Gesù aveva appena finito di pronunciare il suo secondo avviso sulla sua passione e i discepoli non trovavano di meglio da fare che discutere tra di loro su chi fosse il più grande. In quell’attimo, forse, avranno pensato che era necessario individuare il successore del Maestro temendo di restate senza guida il giorno in cui si fosse avverata la profezia della consegna. Ma, come spesso era accaduto, non ebbero però il coraggio di fare questo discorso davanti a Gesù. Non avevano ancora capito che è impossibile celare i pensieri del proprio cuore a chi quel cuore lo ha creato e per questo lo conosce meglio di chiunque altro. Gesù, come suo stile,  non li rimprovera per la durezza del loro cuore né per la loro miopia, ma compie un gesto che nella sua semplicità ha una portata rivoluzionaria: pone un bambino al centro e si identifica in esso. Il significato di questo gesto è grandissimo perché Gesù vuole farci capire che: un bambino ha bisogno di tutto ma soprattutto di essere accolto. Una strategia educativa, questa, che funziona sempre per i bambini o i ragazzini irrequieti e consiste nell’affidargli la responsabilità di qualcuno più in difficoltà di loro.

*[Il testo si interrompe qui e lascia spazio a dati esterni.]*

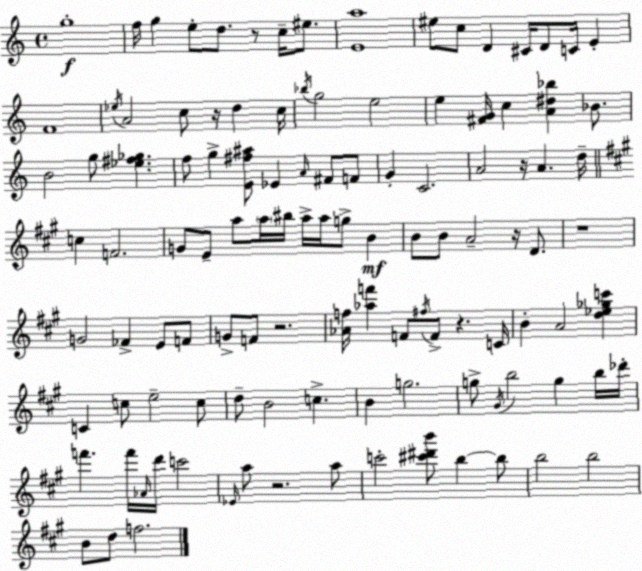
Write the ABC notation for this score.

X:1
T:Untitled
M:4/4
L:1/4
K:C
g4 f/4 g e/2 d/2 z/2 c/4 ^e/2 [Ea]4 ^e/2 c/2 D ^C/4 D/2 C/4 E F4 _e/4 A2 c/2 z/4 d c/4 _b/4 g2 e2 e [^FG]/4 c [A^d_b] _B/2 B2 g/2 [_e^f_g] f/2 g [E^f^a]/2 _E A/4 ^F/2 F/2 G C2 A2 z/4 A d/4 c F2 G/2 E/2 a/2 a/4 ^b/4 a/4 a/4 g/2 B B/2 B/2 A2 z/4 D/2 z4 G2 _F E/2 F/2 G/2 F/2 z2 [_Af]/4 [_af'] F/2 ^f/4 F/2 z C/4 B A2 [d_e_gc'] C c/2 e2 c/2 d/2 B2 c B g2 g/2 ^G/4 b2 g b/4 _d'/4 f' f'/4 _A/4 d'/4 c'2 _E/4 a/2 z2 a/2 c'2 [^c'^d'b']/2 b b/2 b2 b2 B/2 d/2 f2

Così fa Gesù. Avendo intuito che suoi discepoli hanno litigato fra loro su chi fosse il più grande ed essendosi accorto delle fatiche che ci sono, dell’abbassamento del clima, della tensione che si respira e, come descrive Luca nel suo Vangelo, evidenzia che Gesù era in grado di conoscere il pensiero dei loro cuori e quindi ritiene necessario prendere in mano la questione. Ancora una volta Gesù si mostra un fine psicologo ma anche un grande pedagogista. Infatti cerca subito una soluzione che li aiuti a sganciarsi da quel narcisismo gretto e infantile che li fa credere superiori agli altri. E cosa fa? Chiama un bambino e lo avvicina a sé ed esterna così tutta la sua  paternità. Poi spiega il segno. Chi accoglie uno di questi piccoli accoglie me.
I discepoli devono imparare a diventare padri. Solo crescendo nella paternità potranno uscire da loro stessi e crescere nella donazione di sé. Allo stesso tempo i bambini sono per loro un esempio e un monito evangelico. Solo chi si fa piccolo è grande! Prestando una maggiore attenzione all’accaduto capiremmo che il cristianesimo non si espande per l’occupazione di posti di potere né per l’esercizio di autorità monocratica. Il suo messaggio si sviluppa e cresce nel momento in cui si fa spazio camminando tra gli uomini, ramificandosi nei loro cuori e quindi attraverso l’accoglienza degli ultimi della società e di coloro che non possono vantare alcun diritto. Con gli occhi della fede, in quel bambino, scorgiamo Gesù che si mostra bisognoso della nostra accoglienza.